一开始是打算尊重夏建洲的知情权的,没成想分手没几个月,那人已经走进婚姻的殿堂,本身也没打算让对方负责的任妆便也不再多言。
舒望尘聪慧懂事,从小独立,等他上了高中,任妆便放心地醉心于打拼事业,逢年过节也并不多回来。
而他外婆年年都是在南方旅游过年的,舒望尘只有小时候跟着去过几年,后面没再去。
所以,舒望尘大年初一要跟谁拜年去?
灵光乍现,闻扬当场跪倒在地,捶胸顿足,懊悔不已。
是小说开头啊!
舒望尘迈入工具人道具的开始啊!!
主角攻的母亲因病逝世后,夏建洲和任妆因为工作重逢,从旁人得知,任妆独身带个儿子,任妆没有刻意隐瞒,他没费什么功夫便得知了事情真相。
两人当时是和平分手,如今也不会旧情复燃,但对于舒望尘,达成的共识是可以让他和亲生父亲建立联系。
按照时间线来说,也就是前不久的事,舒望尘拒绝了去夏家过年,只答应初一会去拜访。
主角攻不肯接受这个不知道哪里蹦出来的哥哥,把自己关在卧室里没有露面,反而是作为邻居的主角受第一次见到舒望尘,建立了初步的好感。
原作剧情的车轮滚滚而来,要毫不留情地把舒望尘卷进去了!
下午,舒望尘还没打开家门,就听见了里面抑扬顿挫的朗诵声。
“噫吁嚱!”
“无意苦争春!一任群芳妒!”
“零落成泥!碾作尘!只有!香如故!”
舒望尘隐隐看见自己的世界观正在摇摇欲坠。
什么深夜时分,疲惫了一天到家时,发现有灯有人在等候那种浸润了干涸心灵这种事是不可能的,他只觉得,真吵啊羊,在背什么啊羊,灵魂好像是个疯子啊羊。
舒望尘环顾一周,地面没有乱扔的纸团,茶几上的水杯没有倒,电视机放的还是机器猫,羊四仰八叉栽在纸巾盒里,不明缘由地正在抽抽搭搭,具体体现在四肢时不时的颤动,嘴里还哼哼唧唧。
整体来说,没有拆家的惨案发生,羊的演技很烂。
舒望尘走近了,俯下身,捏一捏扯出纸巾擦眼角的羊,“怎么了?”
闻扬干嚎累了,仰头看着舒望尘。
讲道理,对舒望尘产生好感是一件轻而易举的事,他高大俊朗,气质出众,性格温和,情绪稳定,很容易接近,又很可靠的样子。
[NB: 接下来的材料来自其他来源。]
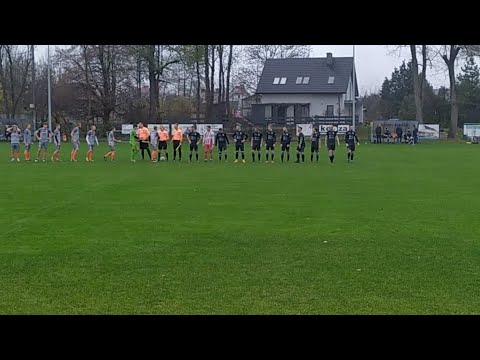 06.11.2022 Mrowlanka Mrowla - Rudzik Rudna Mała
就拿自己来说,如果他不是出现在这里,而是出现在主角攻那儿,面对家里突然出现一只能说会跳的瓷器小羊,才不会这么平静地接受,说不定会把他当成安娜贝尔一类的存在,要么直接摔碎,要么包起来扔给看不顺眼的便宜哥哥舒望尘。
闻扬抽了抽鼻子,哪怕是在假设里中伤主角攻,他还是会把自己安排给舒望尘。
“寂寞。”
“……”舒望尘啊了一声,“这么深刻?”
不禁肃然起敬,坐在了地毯上,侧耳倾听。
闻扬憋了半天也没丁点眼泪出来,这羊瓷怎么只进不出跟个貔貅似的。
只好裹吧裹吧,将干净的纸巾又塞了回去,自己撑住两侧从纸巾盒跳出来,和坐着的舒望尘面对面。
闻扬小范围地来回踱步,捏着光洁的下巴,直直摇头。
时不时望一眼舒望尘,眼里似有千言万语,最终只化成一声声叹息,尾音用力地拖长,音调起伏转折,仿佛要叹出一首咏叹调。
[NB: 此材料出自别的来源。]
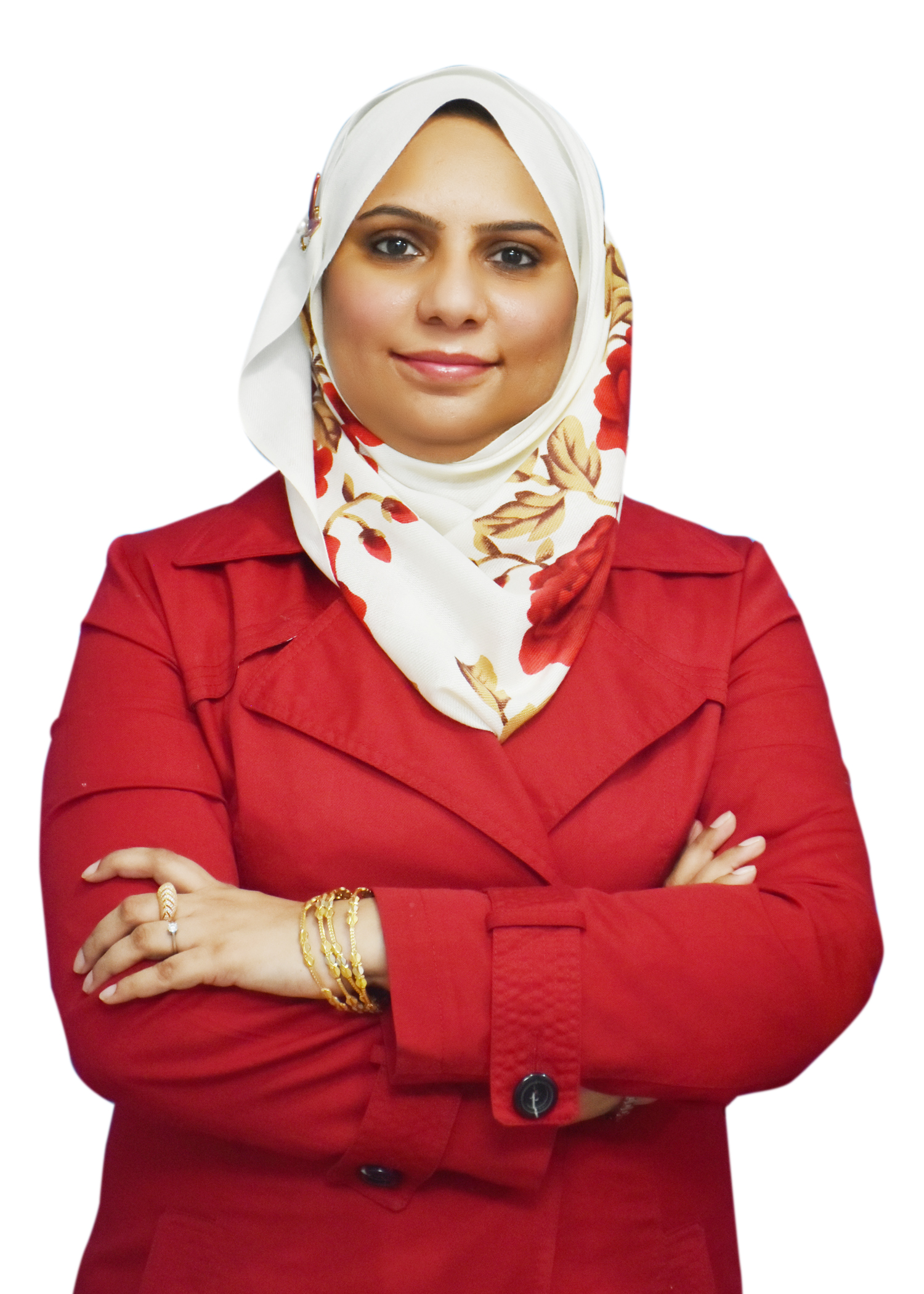 Our Founder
舒望尘好笑地放松了身体,手肘支在膝盖上,指节抵着下颌,看这玩意儿耍宝。
闻扬想过了,还是打算旁敲侧击,避免意图太明显,反而显得居心叵测。
假如一切还没有发生,那他何必要全盘托出,徒增烦恼。
更何况他才刚认识舒望尘,舒望尘凭什么要相信他呢?
即使说出了一些隐秘的设定,那也不代表就能让人信服,怀疑他动机不纯的可能性更大吧。
蝴蝶扇扇翅膀就可能引起一阵龙卷风,那他蹬蹬羊蹄子也能扭转乾坤的吧。
闻扬凑得近了些,喊着,“舒望尘,舒望尘。”
“嗯?”
“下午过得开心吗?”小羊歪着脑袋好奇地问,一副纯良做派,“你去跟谁拜年了?”
舒望尘有一瞬间的愣神,平时几乎没有人过问他的行程,略一思索,回答道,“还行,谈不上开不开心。”
他斟酌了一下语句,“去拜访了我的亲生父亲。”
“哦……”闻扬知道实情,不会去问为啥不是跟父亲一起过年而是要去给父亲拜年,连晚饭也不吃,像是在戳人伤疤,他其实也不清楚舒望尘对这个从小缺席的父亲有没有过什么期望。
“那有碰到什么有意思的人吗?”
比如一个姓沈的同龄人,长得挺好看,腼腆,时不时偷看他那种。
“有意思?有个小孩被家长推出来表演,他不愿意,含着眼泪拉了一段二泉映月,拉完了,又得要被夸拉得好才肯下去。”
闻扬想象了一下那个画面,很不厚道地笑出了羊叫。
舒望尘接着道,“被念叨大年初一不能哭,不吉利,小孩反驳自己没哭,是汗,非说热,跑去开风扇,瞪着眼睛打喷嚏,大人拉都拉不开。”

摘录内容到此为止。